Capucine Vever — Galerie Eric Mouchet
Capucine Vever propose à la galerie Eric Mouchet une exposition personnelle d’une belle cohérence qui offre une variation sur l’espace et le temps subtile et intrigante.
« Capucine Vever — Mirages linéaires », Galerie Eric Mouchet du 27 avril au 13 juillet 2019. En savoir plus Sans un mot, sans un visage, le territoire de l’île d’Ouessant offre un point de départ à cette série d’œuvres qui se confronte aux limites de la perception, aux paysages limites d’une terre qui se perd dans l’océan. Dans ces mises en scène inquiétantes où sourd le vrombissement continu d’une menace invisible, l’œuvre de Capucine Vever met en jeu l’urgence d’un monde dont les mutations sont sensibles autant que des biais symboliques qui en réfléchissent les effets. Autour du travail de la cartographie, de la transcription des surfaces du monde sur le mode de la représentation, l’artiste fait du territoire et de sa perception l’origine et le motif d’une histoire qui s’y noue autant qu’elle s’en émancipe.Sur un fil glissant continuellement de la figuration à l’abstraction, les artefacts de Capucine Vever déploient une narration qui fait de l’ancrage local le point d’amarrage d’une réflexion singulière qui suspend le temps, confondant un présent bien lisible à un avenir immémorial. En cela, les photographies des alentours du sémaphore du Créac’h exhibent des nuits ambiguës où la lumière, capturée par un objectif ultra-sensible, produit des décors impossibles et déserts, vérités nues et impalpables d’un monde que les limites de la perception humaine ne peuvent réduire.

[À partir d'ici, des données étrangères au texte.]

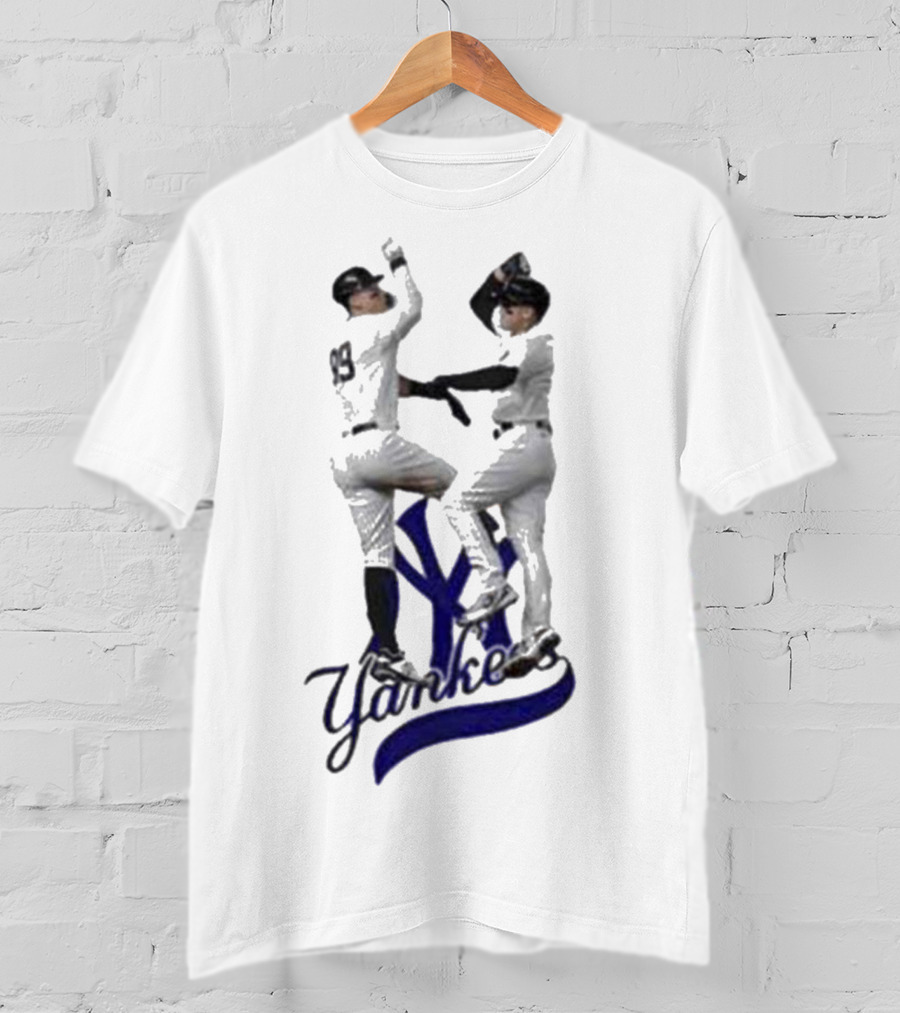 Yankees NY Baseball High-Five Iconic T-Shirt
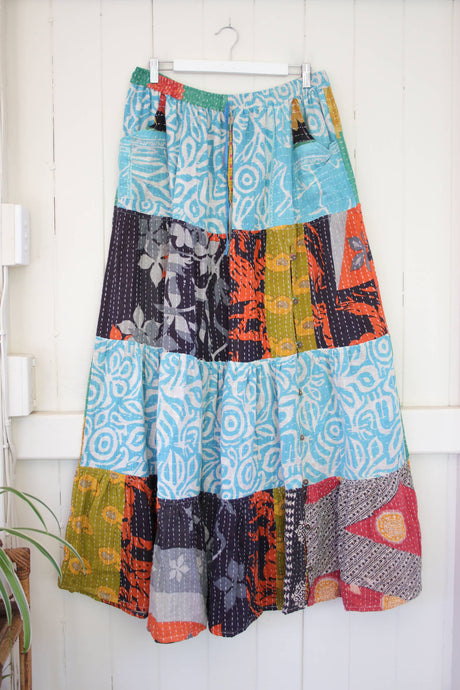 Spellbound Kantha Maxi Skirt XL (3121)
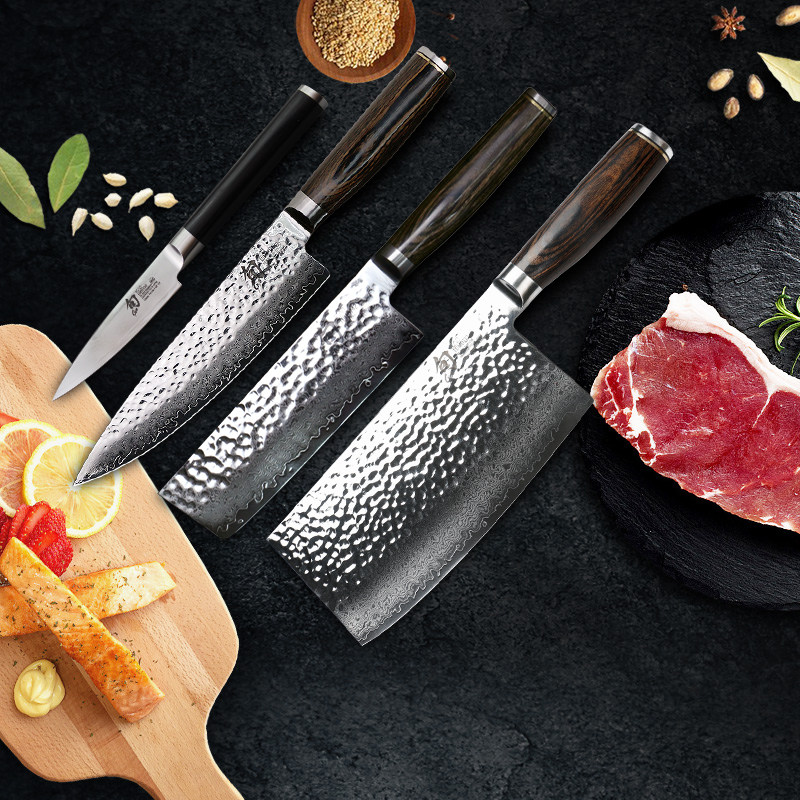 贝印旗舰店Shun旬大马士革旬刀套装中华刀日式菜刀多用刀水果刀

Une perception qui se trouble également avec la superbe variation d’un planisphère parcouru par les lignes figurées des routes maritimes empruntées par les cargos, rongeant, au fil des plongées de la plaque initiale dans un bain d’acide, la surface d’un monde méconnaissable. La représentation cartographique se fait paysage organique, rongé par une colonisation graphique qui enfle et distend les repères pour effacer, sous sa marque, les frontières d’une terre nécessairement impactée.

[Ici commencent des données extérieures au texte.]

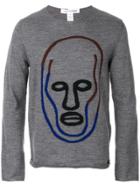 Comme Des Garçons Shirt Face Patch Top - Grey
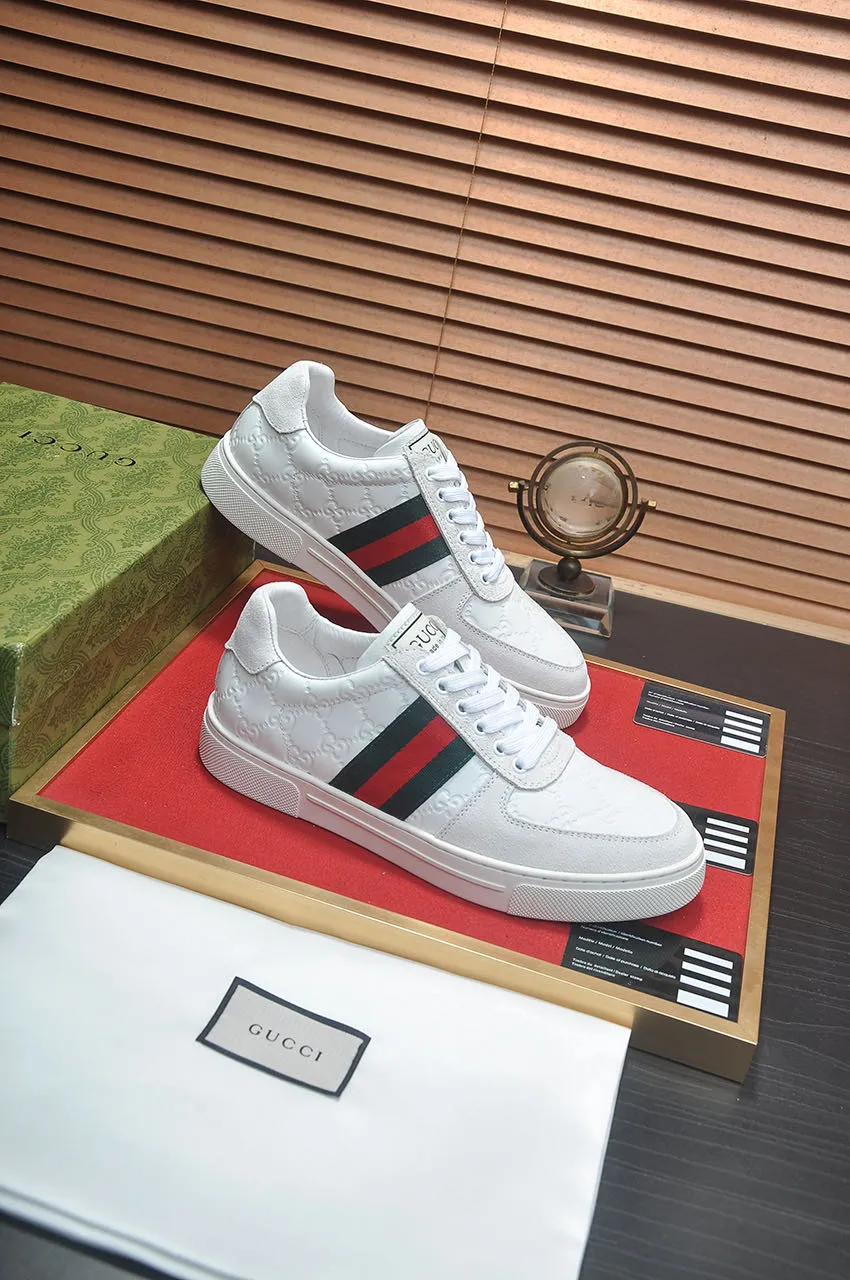 Men's men's shoes💰440💶[GUCCI] official website 1:1 men's sports shoes are now on the market. They are made of original fabric + water-dyed sheepskin lining, plus the official website original 1:1 comfortable outsole. Fashionable and versatile, super comfortable and breathable. Standard shoe size 38/45 (custom-made size 45 is non-refundable)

Car si elle se tourne, depuis le sémaphore du Créac’h, vers un extérieur, vers cet autre qu’est l’océan, Capucine Vever souligne la dichotomie illusoire d’une terre stable et protégée. L’artiste, dans l’incertitude inquiétante qui parcourt cet ensemble, ne fait que retranscrire la brèche d’une terre à l’équilibre aussi précaire que la surface d’un océan sauvage. Elle retranscrit un horizon mouvant sur le monde, reflétant l’ambiguïté essentielle de la navigation, ce déplacement au sein d’un monde où voir ne suffit pas, où l’on progresse au gré de savoirs accumulés, de cartographies élaborées par d’anciens. Chaque chemin emprunté correspond à une variation, à une révision d’un trajet déjà effectué, une ligne imaginaire et impossible tracée sur un planisphère, enregistrée dans un ordinateur de bord.
À l’aveugle donc, dans la vidéo qu’elle présente, La Relève, on écoute et on tente d’apercevoir ce ballet de navires, aussi imposants qu’imperceptibles face à l’étendue de la mer, un désert infini peuplé de titans invisibles dont les noms sont égrenés comme autant d’idoles secrètes. Pourtant, leur activité hautement rationalisée, optimisée et invariablement accélérée, menace subrepticement notre propre équilibre. Les plans successifs des éléments du sémaphore ne peuvent arrêter le rythme vertigineux d’une activité qui arase les distances en une valeur marchande.
La ligne continue de l’horizon devient alors le support d’histoires aussi intrigantes qu’inquiétantes où se joue, derrière un voile, l’avenir du monde. C’est cette même ligne que figure Capucine Vever dans l’œuvre C’est en chantant(…), comme un écho à la ligne fragile tracée par la cartographie sur l’espace figuré ; une ligne qui redéfinit l’espace qui l’entoure, des pierres irrégulières traversées par un lien qui les unit et donne les outils de compréhension de leur différenciation. Une frêle ligne enfin qu’un simple geste effacerait.
Entre réflexion métaphorique intimiste et dédale narratif inquiétant d’une fiction d’autant plus puissante qu’elle retranscrit l’impossibilité de percevoir le réel, Capucine Vever dresse ses « mirages linéaires » comme autant de phares riches d’histoires et d’enseignements sur l’usage du monde qui apparaissent bien plutôt comme les reflets d’une illusion dont il apparaît urgent de se départir.